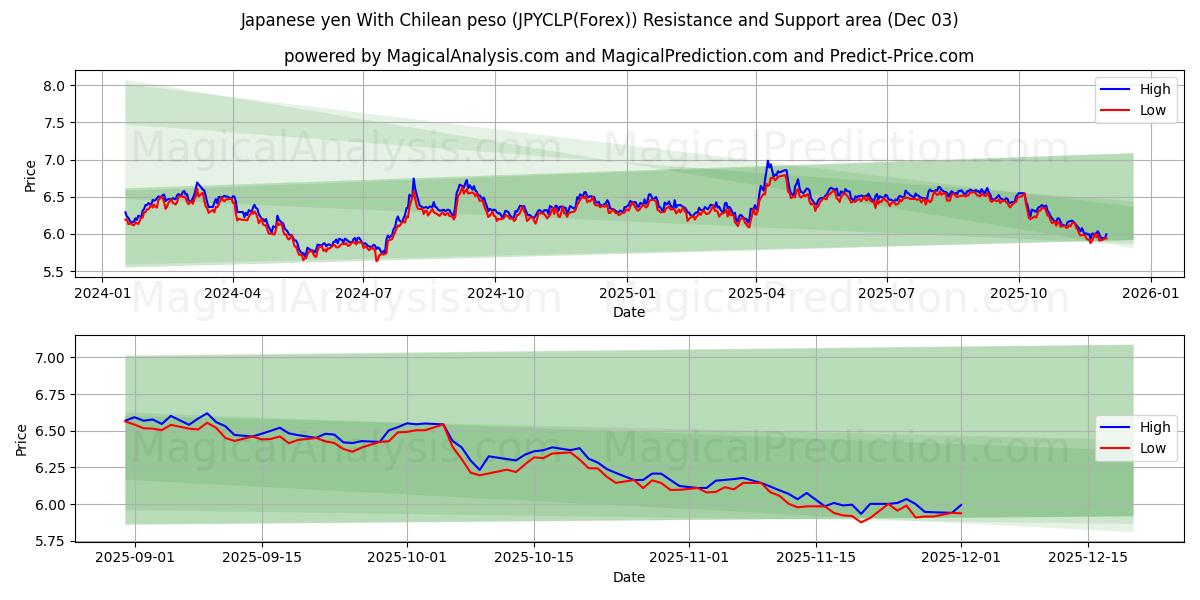  Japansk yen med chilensk peso (JPYCLP(Forex)) Support and Resistance area (02 Dec) 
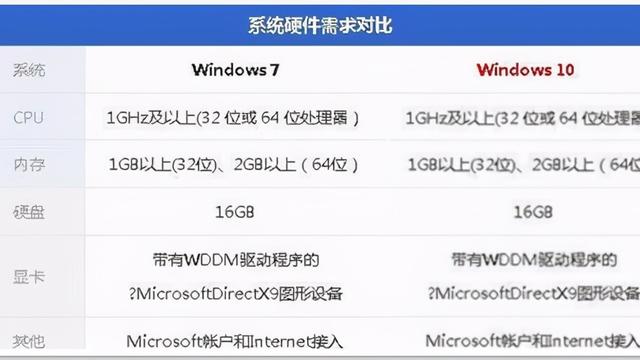 低配电脑win106432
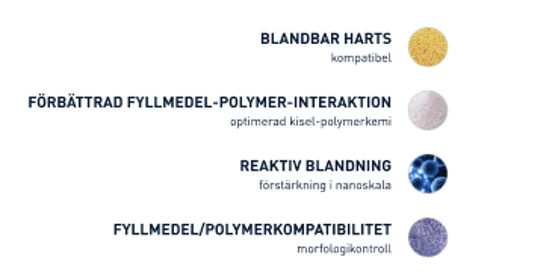 Illustration av sammansatta komponenter och teknologi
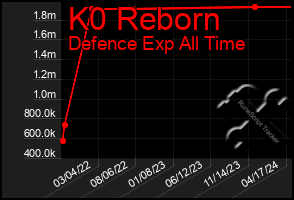Total Graph of K0 Reborn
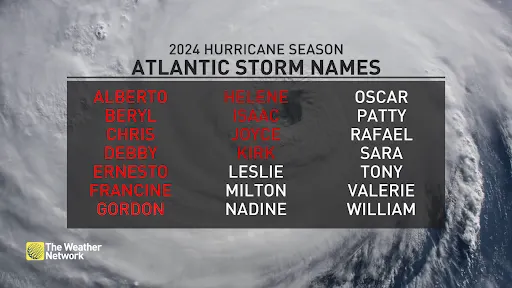 2024 Named Storms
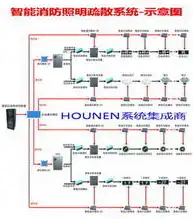 消防压力测试装置示意图详解，揭秘消防设备的关键部件与工作原理，消防压力测试装置示意图详解图片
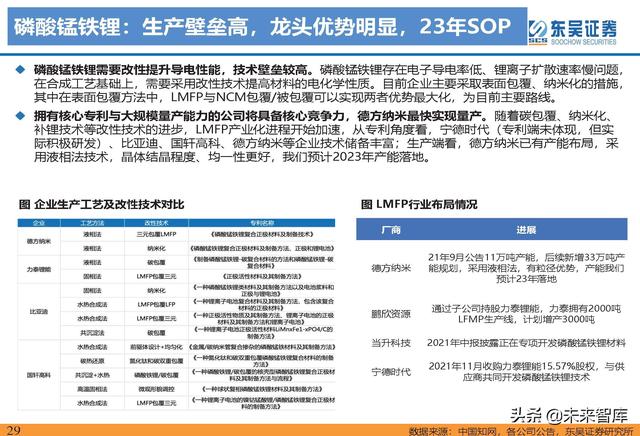 动力电池新技术深度研究：锂电技术升级加速，新趋势新机遇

_ _ _

**What to work on**
Make an exact copy of the records above. Keep out every picture.

**Result of the exercise**
  Japansk yen med chilensk peso (JPYCLP(Forex)) Support and Resistance area (02 Dec) 
 低配电脑win106432
 Illustration av sammansatta komponenter och teknologi
Total Graph of K0 Reborn
 2024 Named Storms
 消防压力测试装置示意图详解，揭秘消防设备的关键部件与工作原理，消防压力测试装置示意图详解图片
 动力电池新技术深度研究：锂电技术升级加速，新趋势新机遇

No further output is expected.